Beirut: The Syrian army on Tuesday accused rebels in besieged east Aleppo of possessing food stores and told them to distribute rations to alleviate shortages, one week into renewed air strikes and bombardment of the area.
The existence of such food stocks could not be verified. On Friday the United Nations said aid supplies had run out in east Aleppo. The UN has not been able to access the rebel-held sector since early July.
"The general command of the armed forces calls upon militants in the neighbourhoods of east Aleppo to open ration warehouses and distribute food to those that need it," an army statement said.
UN humanitarian spokesman Jens Laerke told Reuters it was unclear whose warehouses the army was referring to.
Zakaria Malahifji, a politburo member of the Fastaqim rebel group which is active in Aleppo, said there were no warehouses full of food.
"People are searching for bread. (The army) is saying these things to appear like they care for people," Malahifji said.
Malahifji and another witness in Aleppo told Reuters that civilians protested last week outside a building said to belong to the city council for opposition-held Aleppo, thinking there were food stocks inside.
The city council could not immediately be reached for comment.
Around 250,000 people in Aleppo's opposition-controlled eastern neighbourhoods have been under effective siege since the army, aided by militias and Russian jets, cut off the last road into rebel districts in early July.

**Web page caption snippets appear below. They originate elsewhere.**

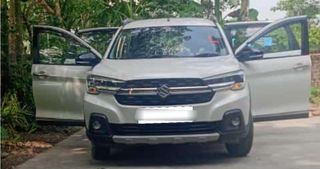 1 Used Maruti XL6 in Sonitpur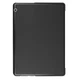 Чехол-книжка AIRON Premium HUAWEI Mediapad T3 10 Чёрный Экокожа с подставкой - изображение 3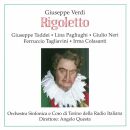 Verdi Giuseppe - Rigoletto (Solisten Orchestra Sinfonica...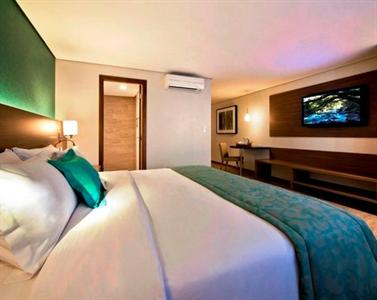 Radisson Hotel Maiorana Belem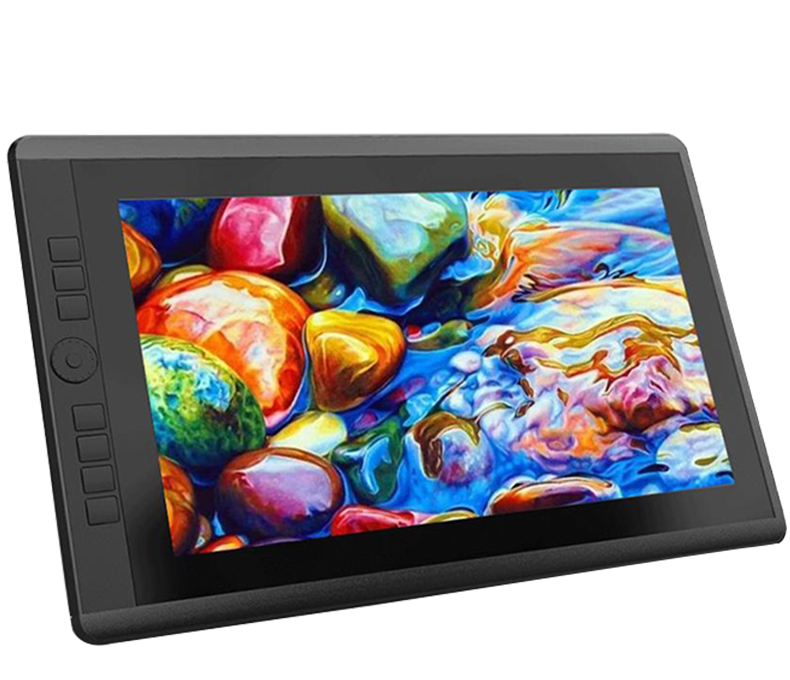 Digital Drawing Tablet - Tableta Gráfica LCD de 15.6 Pulgadas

A renewed assault began last Tuesday after a weeks-long pause in air strikes and shelling inside east Aleppo, although battles and air strikes did continue along the city's front lines and in the surrounding countryside.
In another statement, the army told rebels to clear mines from crossings into the government-held western sector designated by the Syrian and Russian militaries as humanitarian corridors, and to let civilians who want to leave do so.
The siege and intense bombardment of east Aleppo have created a dire humanitarian crisis, aggravated by frequent air strikes on hospitals. Medicines, food and fuel are severely depleted.
All eight of east Aleppo's hospitals have either been put out of action or reduced to a barely functioning level in the past week, UN agencies have said.
"The situation in eastern Aleppo is really so horrendous, I mean it's beyond words... Despite the occasional let-up, overall the picture is horrendous," UN human rights spokesman Rupert Colville said on Tuesday.
The Syrian government has said rebels are stopping residents from leaving. Rebel groups and residents of east Aleppo say people are scared to use the corridors for fear of snipers, bombs or arrest.
Many are also worried that if they leave they will never be allowed to return, so instead they want aid to be allowed in.
At least 141 civilians, including 18 children, have been killed over the past week of renewed bombardment on the eastern half of Aleppo, the Syrian Observatory for Human Rights said on Tuesday.
The Britain-based war monitor said it had documented hundreds of injuries as a result of Russian and Syrian air strikes and shelling by government forces and its allies on the besieged eastern half of the divided city.
The monitor said there were another 87 deaths of rebel fighters and people of unknown identity in the eastern sector.
The Observatory also documented 16 civilian deaths, including 10 children, and dozens of injuries as a result of rebel shelling of government-held west Aleppo.
"It's absolutely heart-breaking and unacceptable that we all are witnessing what is happening almost on direct television, directly transmitted, what may amount to war crimes in east Aleppo," Laerke said at a UN briefing on Tuesday.
The UN has been trying to get all parties to the conflict to agree to a humanitarian relief plan that allows medical workers, medical supplies and food into eastern Aleppo and enables the evacuation of the sick and wounded.
The UN has said rebel groups have agreed in principle to the plan, but it is still waiting for an official green light from Russia.
"We need the political actors and the military commanders on the ground to allow this plan to proceed," Laerke said.